À sa suite, Adèle Charvet effectue à La Chaise-Dieu sa prise du rôle de Didon avec une certaine fébrilité bien compréhensible. Le tempérament plutôt démonstratif de la chanteuse doit ici se plier à une autre discipline dans un rôle où l’intériorité et l’anxiété dominent. Même la rage de la puissante Reine de Carthage devant l’abandon par Énée doit être contenue. Pour autant, la richesse de la voix d’Adèle Charvet, sa plénitude et sa flexibilité parviennent à s’exprimer dans ce rôle spécifique qu’elle pourra certes encore approfondir. Le fameux air final "When I Am laid in earth" n’en paraîtra que plus intense au niveau de l’émotion et de la sensibilité à fleur de peau.
À ses côtés, le baryton Jean-Christophe Lanièce aborde le rôle d’Énée avec ampleur et une certaine forme d’autorité qui le pousse quelquefois à amplifier ses moyens naturels au détriment d’une certaine justesse.

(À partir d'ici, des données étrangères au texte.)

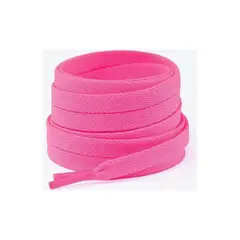 LIKE SHOP - 1 Par De Cordones Para Zapatilla. Planos, Colores.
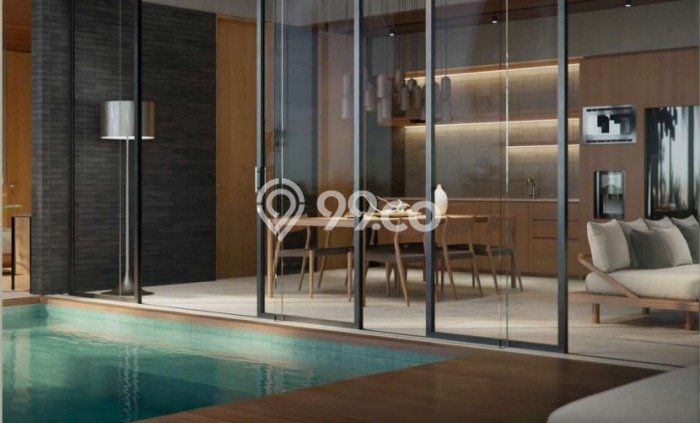 Rumah Luxury Modern Tanpa Renovasi di Canggu Badung Rumah Luxury Modern Tanpa Renovasi di Canggu Badung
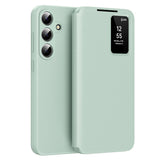 Husa pentru Samsung Galaxy S26 Plus, Techsuit SmartView Series, albastru
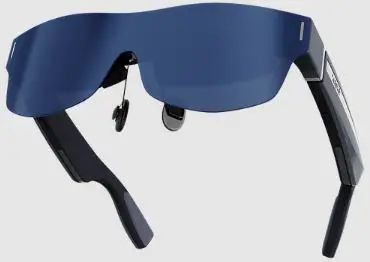 Tqsky T1 Slim Light and Fashionable AR or XR Glasses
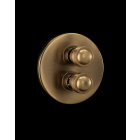 Mezclador de ducha mural Devon&Devon Excelsior Royal EXC-RY1481FCR | Edilceram Design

Sa présence en scène par contre est décisive pour le déroulé de l’œuvre.
Ana Quintans incarne Belinda d'une manière particulièrement touchante et presque maternelle avec Didon. La facilité des vocalises, sa ligne de chant toute de transparence et de luminosité donnent tout son cachet à son interprétation.

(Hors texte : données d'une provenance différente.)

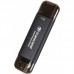 Портативний SSD Transcend 1TB USB 3.1 Gen 2 Type-A + Type-C ESD310 Чорний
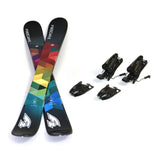 F2 Set Snowblades 99cm mit Sicherheitsbindung Komplettset Modell wählbar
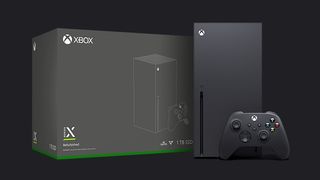 Xbox Series X promotional image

Le baryton Igor Bouin excelle tant dans le rôle de la première magicienne qui anime avec acuité tout le deuxième acte que du marin au troisième. La voix est solide et déterminée, le chanteur égalant l’acteur de caractère.
Caroline Meng et Anouk Defontenay s’amusent, avec toute l’ironie et la méchanceté requises, à incarner les sorcières dans leur haine pour Didon tandis que le contre-ténor Fernando Escalona-Melendez, depuis le fond du chœur de l’Abbatiale, incarne avec puissance l’esprit qui doit décider du départ d’Énée vers l’Italie. Marie Théoleyre assume pour sa part avec talent le rôle plus discret de la seconde dame.
Vincent Dumestre met pleinement en valeur la richesse instrumentale de l’ouvrage, adoptant des tempi un peu lents et d’autres puissamment vivants et poétiques, le tout en dosant avec subtilité l’expressivité et les moments plus douloureux. Son ensemble Le Poème Harmonique -Orchestre et Chœurs- répond avec diligence et acuité à toutes ses sollicitations même les plus infimes.
Ce travail d’ensemble est salué avec effervescence par l’ensemble du public présent qui ne ménage pas ses applaudissements. Un bis a cappella et un superbe feu d’artifice tiré depuis le parvis de l’Abbatiale au grand bonheur de tous couronnent cette soirée et ces débuts du Festival 2024.